When I think about missions, I primarily think about the heart investments. I don’t think anyone sits around wanting to be someone’s “mission”. But, there are people all around us who are hoping to be loved and to love others, to be taken care of and to care for others, to feel relief and to give it. When a teenager is exposed to this type of giving and receiving, so much can change in their hearts—as they widen and realize that we will all be changed, regardless of where we are when we start the process.
Jesus calls us to connect others to him. After all, he told us he would teach us how to be fishers of people.
A few years ago, teenagers from South Florida gathered together to serve the greater Miami area at a missions event where I was the speaker. There was one girl from Lake Worth, who experienced this risky business up close. Tears streamed down her face as she shared what had happened to her that day…

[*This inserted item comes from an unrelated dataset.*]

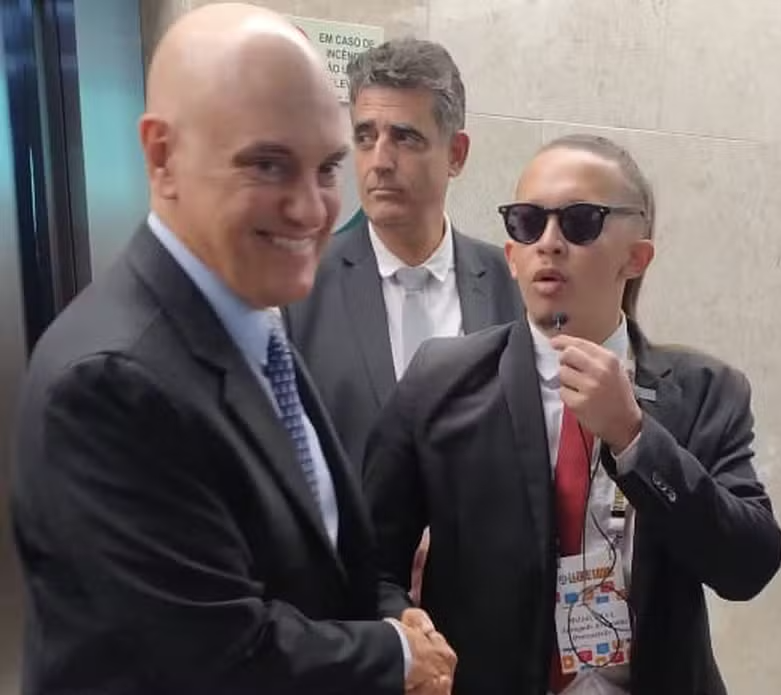 "NAQUELE MODELO"“Advogado” de Alexandre de Moraes se encontra com o ministro em evento no STF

She was in a single parent home and life wasn’t so easy. She came to serve others and to give (even in her own brokenness) whatever she had to Jesus. Little did she know what this would mean.
They packed their van and headed to an area where homeless people could be found. Their mission: to smile, to say “you’re loved”, and provide food. So she began, reaching out, giving food, overlooking the smells and the sights and the temptation to judge. Worry is replaced with courage. Standoff-ish fear is replaced with a gentle and approachable love.
Then she met him, one particular homeless man on the street, she stretched out her arm and offered a smile as he sat hunched and staring down into the pavement.
Seeking to meet his eyes she says, “hello.”
He looks up, sad and tired eyes meeting hers, and she recognizes in them, her very own father.
For months she had no idea where he was or what he was doing. Miles from home, she is able to love the father who left her. To find him there, homeless, was something she didn’t expect. To find herself serving him unselfishly without bitterness or pain, caught her off guard and she began the process of forgiveness.
Her unselfish love spoke volumes to us, but more to a father needing hope at the bottom of it all.
That evening she worshiped with the other students, just like them in every way but one—she had ministered to the poorest of the poor that day—and identified with him as her own.
Missions aren't about a hand out. They are about a hand in the work of the Kingdom. It is an active participation in reconciliation, forgiveness, and restoration. God is making all things new and we just never know who or whose we are reaching out to.
Let’s keep asking the questions: Who are we loving today? Who are our neighbors? Are we helping young people ask these questions and giving them confidence to try answer them on their own?